US troops in Mogadishu are ‘logisticians’ says commander

The United States military is downplaying news of the deployment of a contingent of American soldiers to Somalia’s capital earlier this month, saying the troops have a logistical training role, not a combat role.

General Thomas Waldhauser, Commander of US Africa Command (AFRICOM), told journalists on a conference call on Thursday that the deployment was “routine” and part of a long-planned training operation.

“The troops sent to Somalia are actually logisticians who are spending time, what we call institution-building, training Somali National Army Forces on how to establish a logistical pipeline to ensure there are parts, to ensure operations are in fact supplied properly,” he said.

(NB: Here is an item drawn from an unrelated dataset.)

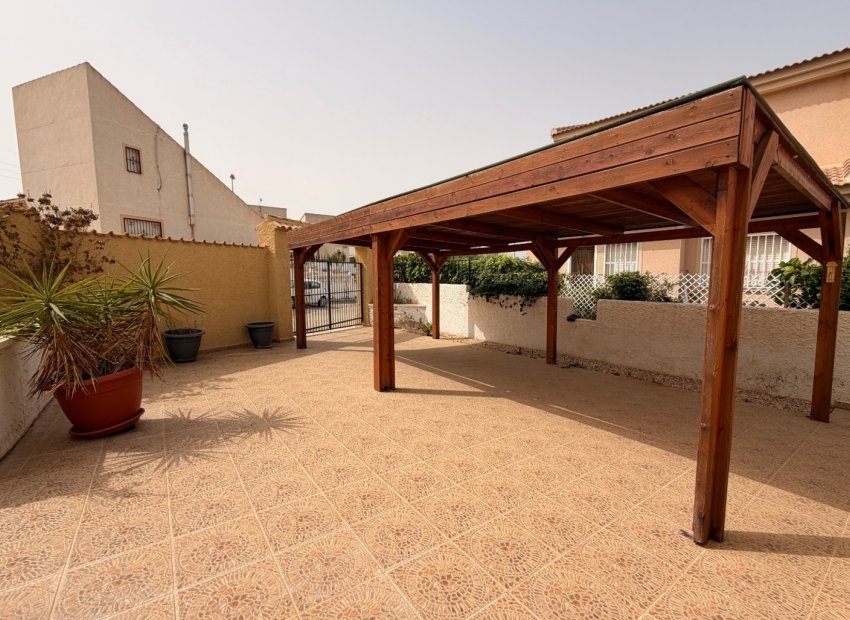 Reventa - Independiente / Villa -
Benijofar - Benimar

Waldhauser added, “This is part of a routine deployment that has been really in the works for quite some time… These are logisticians that are helping various organizations and the Somalian National Army become better at how to supply, how to account for equipment and so forth.”

The US commander also emphasized that the deployment was part of a broader international effort to grow the Somali National Army, not a standalone operation. “Turkey, UAE, EU, US, (and) AMISOM are all training forces in there. So it’s a combined effort,” said Waldhauser. “It’s a combined effort to get the numbers that are necessary so the Somalian National Army can take over security on their own.”

However, another US military official told Voice of America recently that there are additionally about 50 American counterterrorism advisers already in Somalia, whose role goes beyond logistics.

Charles Chuck Prichard, a spokesman for US Africa Command, said that the deployment of the additional logistics troops – “a few dozen” from the 101st Airborne Division – came at the request of the Somali national government.

In the meantime, Ambassador Francisco Madeira, the African Union envoy who heads the AU Mission in Somalia (AMISOM), reiterated plans to withdraw international forces from Somalia starting next year.

“It is our plan to start the draw-down come 2018. The reason being that we were not, as General Waldhauser said, we were not intending to stay there forever. Somalia is for the Somalis. We, like all other Africans, we have our own countries. We are in solidarity with the Somali people, we need to support Somali people. We have interests to have a stable Somalia,” said the envoy.

“But surely, the Somalis, the country can only be best defended by the Somalis themselves, who understand better their dynamics, their reality and their priorities and their objectives. So we will have to leave sometime,” Madeira added, reemphasizing the date of 2018 as the start of the withdrawal.